Concluído o estudo, você tem segurança para dizer que a dependência de commodities não é uma “maldição”? Acho que não é uma maldição, mas tampouco é uma bênção. Commodities são um tipo de recurso que os países podem e devem aproveitar – desde que tenham as políticas adequadas para isso. O Brasil tem essas políticas? É difícil dizer. Mas a história recente mostra que o Brasil está seguindo uma trajetória muito boa. Sua economia está diversificada e apresenta um dos melhores desempenhos na América Latina. Onde podemos melhorar? Não sei se podemos apontar o dedo e dizer que esse ou aquele ponto precisa ser melhorado. Mas eu diria que há algumas coisas com as quais o país deveria ser mais cauteloso. Por exemplo: como gerenciar as novas receitas geradas pelas reservas do pré-sal? Considero positivo o fato de que o governo brasileiro está pensando em algum tipo de fundo para gerenciar e atenuar os impactos da oscilação dos preços do petróleo. À medida que o petróleo se tornar abundante no Brasil, essa será uma questão mais importante: como estabilizar o fluxo de receita e evitar que a economia entre em ciclos alternados de expansão e contração?
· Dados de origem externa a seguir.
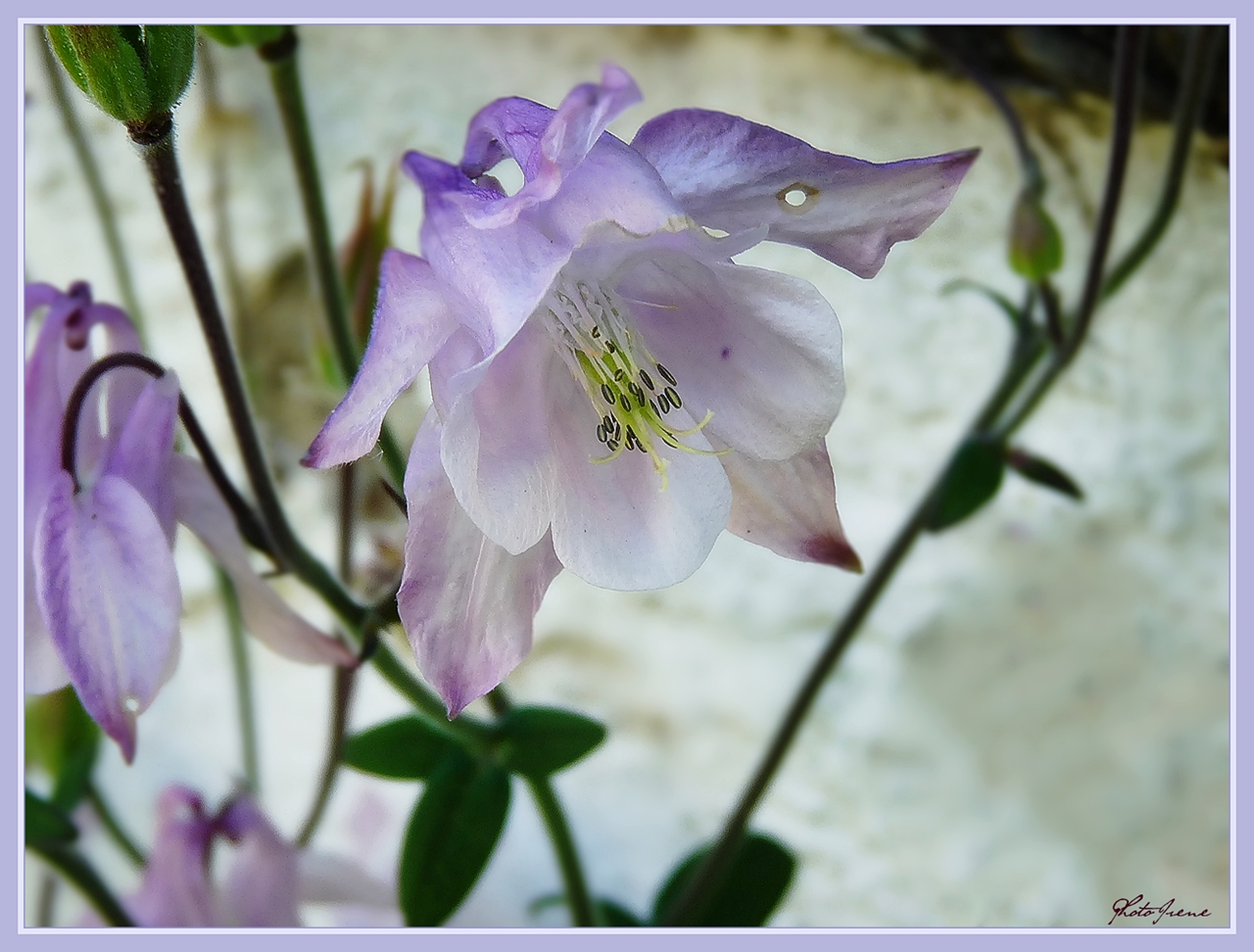 Akelei in meinen Garten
Em um mundo cada vez mais alinhado com os princípios da sustentabilidade, há espaço para um país crescer amparado na indústria do petróleo ou na agricultura? Bem, essa questão é complicada. A indústria petrolífera, por exemplo, gira em torno de um recurso que não é renovável. Logo, se formos falar de sustentabilidade na indústria do petróleo, teremos de falar em como economizar esse recurso a longo prazo. Ou de reservar uma parte que possa ser aplicada no desenvolvimento de novos meios de produção. O ponto-chave é usar essa riqueza para evitar que a economia não se esgote à medida que o petróleo se esgotar. Uma forma de fazer isso é investindo em capital humano ou em uma nova infraestrutura produtiva para que as gerações futuras continuem a colher seus benefícios.